Raspberry Chicken

Raspberry Chicken

May 6, 2019

By:

Ingredients
  • ***SPICY RASPBERRY GLAZE***
  • 1/2 pound raspberry jelly or jam
  • 2 ounces chicken broth
  • 1/2 teaspoon cayenne pepper
  • 2 ounces maple-raspberry vinaigrette dressing
  • ***RASPBERRY CHICKEN***
  • 4 - 8 oz. boneless skinless chicken breasts
  • 1/2 cup maple-raspberry vinaigrette
  • (see below)
  • 4 teaspoons pine nuts
  • toasted
  • 1 cup spicy raspberry glaze
  • (see below)
  • ***MAPLE RASPBERRY VINAIGRETTE***
  • 1/2 cup raspberry vinegar
  • (see below)
  • 1/2 cup olive oil
  • 1/2 cup vegetable oil
  • 1/2 cup maple syrup
  • 2 tablespoons Dijon mustard
  • 2 tablespoons dried tarragon leaves
  • OR 4 tablespoons fresh
  • 1 dash salt to taste
  • ***RASPBERRY VINEGAR***
  • 1 cup white vinegar
  • 1 cup red vinegar
  • 1/2 cup fresh or frozen raspberries
Directions
  • Step 1 Glaze: Combine all ingredients in saucepan.
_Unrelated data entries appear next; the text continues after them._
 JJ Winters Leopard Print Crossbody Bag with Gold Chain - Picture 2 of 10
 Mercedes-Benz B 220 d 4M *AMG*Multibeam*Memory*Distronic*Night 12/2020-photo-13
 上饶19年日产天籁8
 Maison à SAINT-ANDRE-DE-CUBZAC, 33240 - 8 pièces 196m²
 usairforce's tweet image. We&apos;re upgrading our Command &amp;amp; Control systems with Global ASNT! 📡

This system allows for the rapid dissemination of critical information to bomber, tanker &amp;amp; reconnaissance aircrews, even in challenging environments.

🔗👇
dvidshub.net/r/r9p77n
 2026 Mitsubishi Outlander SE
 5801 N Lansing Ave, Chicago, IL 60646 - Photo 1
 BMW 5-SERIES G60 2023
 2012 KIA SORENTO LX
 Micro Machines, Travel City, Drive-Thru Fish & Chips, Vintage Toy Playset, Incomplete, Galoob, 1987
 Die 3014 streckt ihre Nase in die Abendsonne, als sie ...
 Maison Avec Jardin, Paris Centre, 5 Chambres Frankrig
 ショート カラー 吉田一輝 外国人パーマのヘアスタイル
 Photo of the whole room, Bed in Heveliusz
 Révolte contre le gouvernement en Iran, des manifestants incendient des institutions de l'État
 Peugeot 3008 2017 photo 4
Bring to a boil, reduce heat, simmer 15 minutes. Cool mixture and hold for use.
  • Step 2 Chicken: Prepare Maple-Raspberry Dressing, pour vinaigrette evenly over chicken breasts and marinate for 2 hours. Grill chicken breasts. After turning once, brush each breast with 1 ounce of the Spicy Raspberry Glaze and continue to cook. When chicken is done, place on plate and brush each breast with an additional 1 ounce of Spicy Glaze. Top with 1 teaspoon of toasted pine nuts per serving.
  • Step 3 Maple Raspberry Vinaigrette: Whisk together ingredients in a bowl. Raspberry Vinegar: Combine vinegars with 1/2 cup raspberries. Cover and let sit 48 hours. Strain the vinegar and store at room temperature.